グループホーム(3棟)や援護寮などをつくるときも地域の人たちの反対はまったくなく、地元の人が逆に建物をつくってくれて、それをこちらが借りるという形でグループホーム等もやっています。都会ではなかなかそうはいかないかもしれないですが。

【江畑】去年、サルトリウスが精神神経学会でしゃべったときの受け売りなんですけれども、「これからは偏見の問題について、単に偏見の打破という主張をするだけではなくて、偏見を解消するために科学的方法を考えてやっていくべきだ」という話をしていて、その話を聞いたあとで、たまたまWHOとWPAのインターネットを見ると、そこにアンティ・スティグマ・キャンペーンというのをやっているのです。つまり組織としてストラテジーを立ててやっているんです。

【加藤(正)】どういう人がやっているのですか。患者か家族ですか。

【江畑】いやいやそうじゃない、WHOの職員がやっているんです。その中にアンティ・スティグマ・キャンペーンの部署があります。WPAにもあるのです。そこでストラテジーを立ててやっているのです。ですから、これからの精神保健運動はおそらくそこが焦点になっていくんだろうと思いますね。
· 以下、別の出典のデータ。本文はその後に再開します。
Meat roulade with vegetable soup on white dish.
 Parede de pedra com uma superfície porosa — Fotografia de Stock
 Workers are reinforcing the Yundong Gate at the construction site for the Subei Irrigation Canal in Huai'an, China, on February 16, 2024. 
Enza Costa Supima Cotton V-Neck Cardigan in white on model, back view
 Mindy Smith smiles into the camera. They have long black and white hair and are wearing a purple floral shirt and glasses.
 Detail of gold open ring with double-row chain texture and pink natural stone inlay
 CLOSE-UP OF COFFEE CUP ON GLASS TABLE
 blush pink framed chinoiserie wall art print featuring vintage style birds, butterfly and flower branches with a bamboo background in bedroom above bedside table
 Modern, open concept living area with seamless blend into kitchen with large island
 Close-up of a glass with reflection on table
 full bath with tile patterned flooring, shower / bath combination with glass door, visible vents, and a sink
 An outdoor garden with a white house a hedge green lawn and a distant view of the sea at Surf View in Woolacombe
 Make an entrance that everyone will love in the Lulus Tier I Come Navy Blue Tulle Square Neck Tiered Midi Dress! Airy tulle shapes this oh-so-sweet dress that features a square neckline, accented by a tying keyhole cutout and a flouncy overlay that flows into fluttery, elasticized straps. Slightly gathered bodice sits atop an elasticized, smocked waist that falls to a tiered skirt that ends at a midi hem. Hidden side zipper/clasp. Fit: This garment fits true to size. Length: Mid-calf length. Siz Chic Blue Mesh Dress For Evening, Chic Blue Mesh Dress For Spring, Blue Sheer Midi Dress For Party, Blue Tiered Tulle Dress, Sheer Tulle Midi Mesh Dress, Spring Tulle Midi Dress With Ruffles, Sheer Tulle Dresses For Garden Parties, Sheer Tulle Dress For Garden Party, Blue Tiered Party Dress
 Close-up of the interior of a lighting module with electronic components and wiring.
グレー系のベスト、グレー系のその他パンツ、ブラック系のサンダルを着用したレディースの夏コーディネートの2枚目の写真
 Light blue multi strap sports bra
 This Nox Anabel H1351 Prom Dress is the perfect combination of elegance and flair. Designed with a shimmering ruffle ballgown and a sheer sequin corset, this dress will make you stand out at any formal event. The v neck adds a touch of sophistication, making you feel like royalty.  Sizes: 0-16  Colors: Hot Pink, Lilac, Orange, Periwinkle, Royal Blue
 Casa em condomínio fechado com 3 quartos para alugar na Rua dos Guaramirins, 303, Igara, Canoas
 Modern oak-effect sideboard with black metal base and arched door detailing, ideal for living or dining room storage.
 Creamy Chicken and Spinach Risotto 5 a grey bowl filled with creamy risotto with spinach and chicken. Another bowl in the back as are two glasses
【加藤(正)】ただ近ごろ思いがけない犯罪が増えて、一番困るのは「心神喪失はこれを罰せず」の問題ですね。あの辺のところが素人の人が聞くとどうも納得できないようですね。あれをわからせるには法制度的問題が大変だと思います。

【江畑】それは今後の大きな課題ですね。

 きょうは、精神保健の過去・現在・未来についてたくさんの有益なお話を賜わりました。本当に充実した 100号記念の座談会を催すことかできまして、どうもいろいろありがとうございました。